Hay un viejo refrán que asegura que dos no se pelean si uno no quiere. Pero cuando se pretende aplicar colectivamente, cuando nos referimos a dos grupos, naciones, clases, partidos, periódicos, colectivos, el dicho resulta rotundamente falso: para que salte el conflicto entre dos basta con que uno se exceda. La historia demuestra que a la imposición sigue casi siempre la respuesta de autodefensa, y que ésta deriva en nueva agresión y respuesta a esa nueva agresión. Los grupos sociales, los proyectos colectivos, no suelen poner la otra mejilla: entran en conflicto, y –en condiciones similares-, el conflicto se convierte en una guerra inacabable, un torrente continuo de afrentas y destrucción, que se lleva por delante todos los puentes y ahoga las buenas intenciones. En esos conflictos disgregadores, el uso común de símbolos comunes se sustituye por la apropiación simbólica y la instrumentalización –a veces banal, otras mezquina y dolorosa- de lo que resulta más sagrado.
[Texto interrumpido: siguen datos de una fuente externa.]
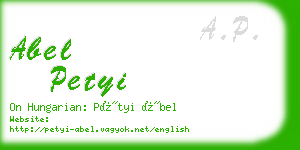 abel petyi business card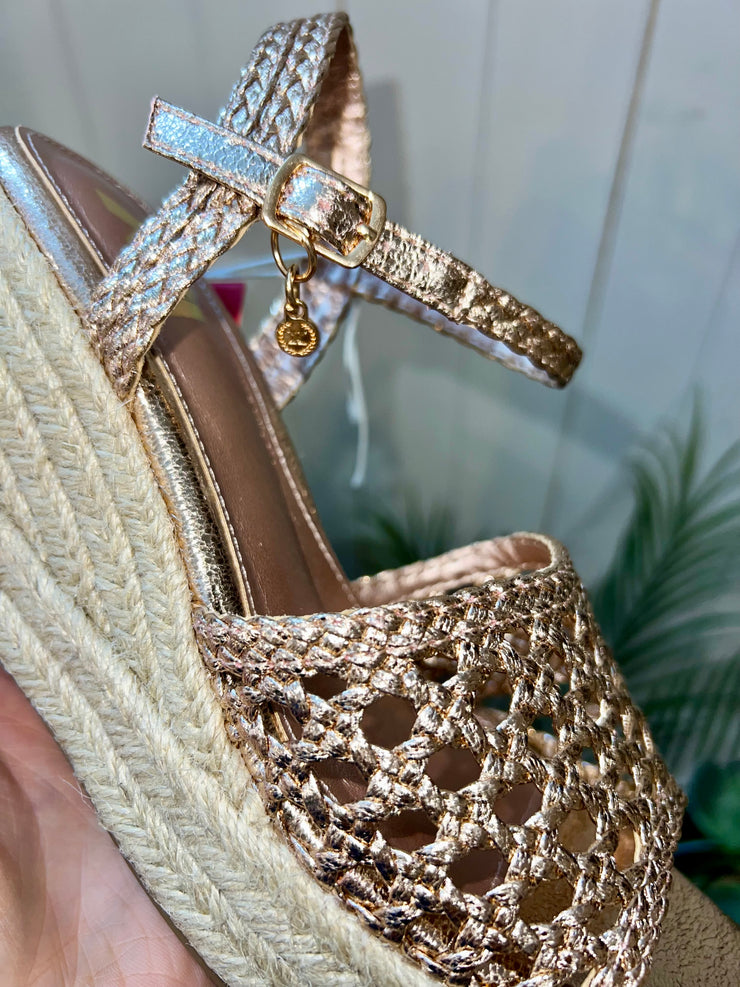 rose gold wedges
En la etapa que se inicia, perdidas ya todas las referencias conciliadoras, toca ahora sacar partido a los huesos de los muertos más queridos, que son los que permanecen perdidos. Los muertos de los pozos y las cunetas, las tapias de los cementerios y las fosas comunes, los del abismo del olvido, que reclaman aún algunos ancianos familiares. Incluso esos muertos –que lograron ser los de todos, fueran de uno u otro bando las balas que acabaron con ellos- se utilizan para levantar una nueva oportunidad de división, encanallamiento y enajenación colectiva. Malditos sean todos los que –sin pudor ni decencia- vuelven a usar los muertos de la nación, para enfrentarnos aún más. De nuevo.